Jewelry Appraisals & Jewelry Insurance
Andrew Robinson, owner of Robinson’s Jewelers, is a GIA Graduate Gemologist. He is an expert in both diamond grading and gemstone identification and grading. In addition, he has deep experience buying estates and pre-owned jewelry. As a result, he has his finger on the pulse of the jewelry market and is uniquely qualified to provide all types of valuations.
What is a Jewelry Appraisal?
A jewelry appraisal is a document that describes an item and assigns a value to it. The description will cover the physical, measurable facts about the item, which would include the type of jewelry, weight, size/length, carat weight, metal type and other materials, brand, etc. Appraisals also describe features such as diamond/gemstone quality and overall quality/type of manufacture.
Jewelry appraisals should not be confused with diamond or gemstone grading reports, although report data, when available, should be included in a jewelry appraisal.
Jewelry Appraisals & Insurance
Why do you need an appraisal?

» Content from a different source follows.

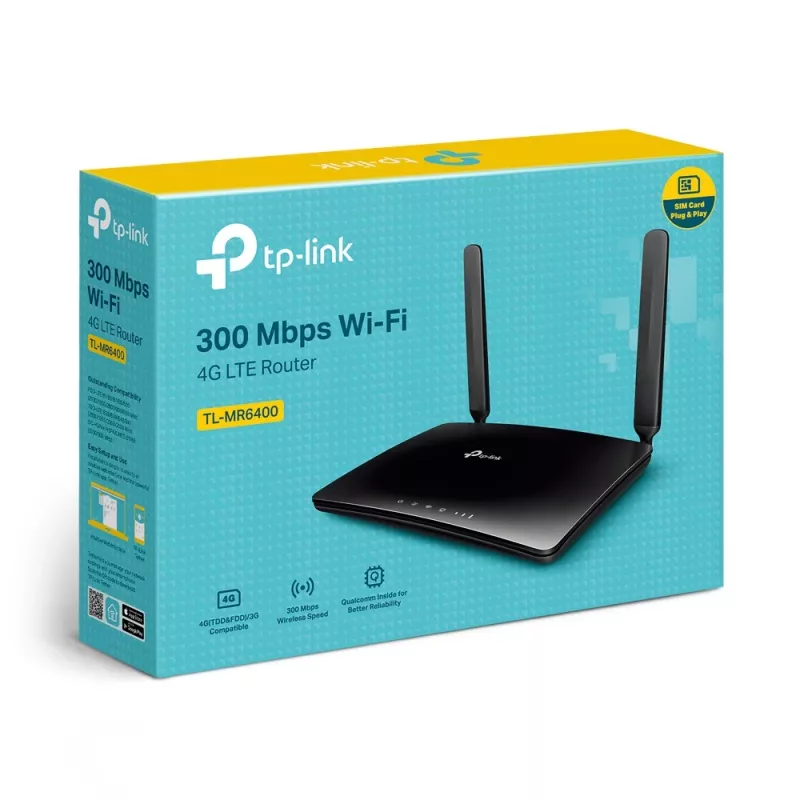 TP-Link Router 4G LTE Wireless N 300 Mbps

The most common type of appraisal that we prepare is to provide a replacement value for an insurance policy, which is usually the retail replacement value. Insurance carriers typically require a recent appraisal to insure jewelry with a replacement value over a certain amount.
Some insurance policies provide a like-for-like replacement of the lost or stolen jewelry, while other policies pay the policyholder the retail replacement value, up to the insured amount. Whichever type of policy you hold, the point is to either return a comparable jewelry piece to you or return the value to you.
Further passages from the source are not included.